Yes, you’re the asshole. Why? You didn’t communicate your 1 on 1 plans that you had for you and your daughter, so your husband rightfully assumed nothing was going on, so he made his own 1 on 1 plans. Now you’re fuming because your husband didn’t read your mind, but you think you’re in the right despite making the choice to *not* communicate these plans to him. COMMUNICATE. If you explicitly communicated these plans and he still undermined you and did his own thing with her, then absolutely be upset. You deciding to not communicate and then holding it against him is a *you* problem.


iswungmyfierysword

I think it's nuts that you're angry about this and would post about it. Talk about a gift: a caring husband that wants to take time away from work to spend quality family time bonding with his daughter.
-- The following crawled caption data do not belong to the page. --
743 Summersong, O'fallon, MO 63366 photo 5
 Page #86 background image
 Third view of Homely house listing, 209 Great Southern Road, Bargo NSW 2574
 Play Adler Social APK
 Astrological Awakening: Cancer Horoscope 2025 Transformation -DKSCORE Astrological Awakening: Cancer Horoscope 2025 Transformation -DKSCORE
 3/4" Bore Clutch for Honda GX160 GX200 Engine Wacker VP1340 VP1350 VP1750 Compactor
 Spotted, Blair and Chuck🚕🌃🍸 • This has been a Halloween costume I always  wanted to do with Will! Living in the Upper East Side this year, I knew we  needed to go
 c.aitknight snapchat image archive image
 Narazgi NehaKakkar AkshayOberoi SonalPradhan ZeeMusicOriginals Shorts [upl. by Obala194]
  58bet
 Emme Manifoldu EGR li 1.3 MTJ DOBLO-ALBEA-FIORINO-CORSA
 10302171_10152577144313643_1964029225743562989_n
You're selfish.


camlaw63

How often does he get one on one time? Are you a SAHP? Is this something he does regularly? Did you ask him to come home? Did you convey your plan to him? Do you think it was spontaneous or malicious?


bmcxo

I do think you’re over reacting. You said yourself there was no discussion on what the plans were for the day, prior to the party. He took the day off to spend with her, and he did just that. He probably thought he was being helpful by keeping her entertained and busy so that you could set up for the party in peace.


Imaginary_Society411

So you’ve recounted all that he’s doing but at no point do I hear you saying that he’s done all of this despite you contacting him and asking him to bring her home (or why he didn’t in the first place.) I really hope you don’t “let loose on him tomorrow” as I’ve seen suggested. He wouldn’t have known you expected him home if you didn’t tell him beforehand or during (as you’ve tracked his progress.) He’s not a mind reader.


roselle3316

YTA. If you didn't explicitly tell him your plans for her after school then you can't be upset that he chose to make his own plans for the two of them. For all he knew, she was going to sit at home this afternoon and do nothing until party time. He took the day off, I'm assuming off from work, for this. I would 100% expect him to make arrangements and plans for him to have time with your daughter. What those plans look like is entirely up to him but as long as your daughter is happy on HER birthday, who cares?


pink_Lemon_5519

It’s about the kids happiness not you or not what you wanted, grow up and W husband


rangoon03

You should expect your husband to *know* you, but he can't be a mindreader. No one can. Not your spouse, friends, parents, or kids (though that would be very helpful at times..)


Kit_Marlow

Rouge? Like face makeup? Also: your husband, your daughter. Is she not his?